Another Math activity this week was also "dotted" with dots!  This time, Kindergartners worked in pairs and small  groups to match sums of domino pieces.   Lastly, we attempted (with many trys and compromise) to make a  continuous matching strand with our total amount of dominoes.  Below is our "horseshoe" of success!

Free Choice selections included snuggling with blankets in the little pool, arranging legos and cars in the building area, and playing board games.  Lots of cooperation, strategizing, and even Math adding skills went into rousing games of "Shut the Box"!   The children cheered for each other and shared their number rolling victories!   We also discovered that  arrangements of dots on a game die look a lot like the numbers on a  domino piece.  Drawing, listening to Magic Tree House audios, and a Friday Dance Party also culminated our week.

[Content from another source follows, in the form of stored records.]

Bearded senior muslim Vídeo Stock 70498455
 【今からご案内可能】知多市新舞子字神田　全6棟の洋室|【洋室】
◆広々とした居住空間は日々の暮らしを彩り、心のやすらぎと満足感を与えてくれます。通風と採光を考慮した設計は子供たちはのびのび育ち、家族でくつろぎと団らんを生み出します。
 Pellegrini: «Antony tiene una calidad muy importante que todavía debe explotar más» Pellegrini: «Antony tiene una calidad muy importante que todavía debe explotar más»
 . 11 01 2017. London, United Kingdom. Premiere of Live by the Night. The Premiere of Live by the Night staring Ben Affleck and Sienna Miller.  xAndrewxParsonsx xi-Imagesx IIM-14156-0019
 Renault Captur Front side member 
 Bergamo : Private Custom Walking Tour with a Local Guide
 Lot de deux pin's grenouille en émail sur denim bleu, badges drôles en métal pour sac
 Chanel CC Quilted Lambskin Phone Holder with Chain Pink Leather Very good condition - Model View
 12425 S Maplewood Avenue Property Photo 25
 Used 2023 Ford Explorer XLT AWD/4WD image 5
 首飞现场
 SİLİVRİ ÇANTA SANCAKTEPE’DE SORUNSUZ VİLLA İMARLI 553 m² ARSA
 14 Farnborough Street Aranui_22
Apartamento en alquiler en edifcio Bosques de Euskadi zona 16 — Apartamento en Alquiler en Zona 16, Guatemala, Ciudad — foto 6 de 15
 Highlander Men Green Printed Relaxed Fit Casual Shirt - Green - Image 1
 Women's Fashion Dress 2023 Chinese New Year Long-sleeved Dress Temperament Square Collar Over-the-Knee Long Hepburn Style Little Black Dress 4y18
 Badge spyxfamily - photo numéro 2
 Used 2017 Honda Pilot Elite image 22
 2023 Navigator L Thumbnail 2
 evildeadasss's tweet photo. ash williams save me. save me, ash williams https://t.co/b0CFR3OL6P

Bubble play at the playground!

One of our Science activities this week involved "Shan Science."  After reading a non- fiction story, Teacher Shan walked Kindergartners through a lesson of molding individual  clay covered structures, adding ingredients, and observing as their "volcanoes" erupted right before their eyes.   Afterward, Ks jotted their observations in
Science Journals

Global Experiences included several children sharing their "How to Be An Explorer of the World" finds (more details about that in an upcoming blog entry.)  Another experience included Zoey sharing her family's Rosh Hashanah celebration with us.  Zoey spoke a bit about this Jewish New Year celebration that includes a family gathering, wishes for a meaningful year to come, and features a special treat of apples drizzled in honey.   We also listened to an excerpt from a book titled Faith that showed how many cultures around the world share commonalities while observing their faiths.  Kindergartners helped Zoey celebrate further with our own honey drizzled apples at snack time!

A special thank you to Maya's family for being our Snack Providers this week!  If you have not been able to sign up yet, no worries, there is plenty of slots still available.  

Nico waved the "1st Day of School" banner to ring in the New School Year!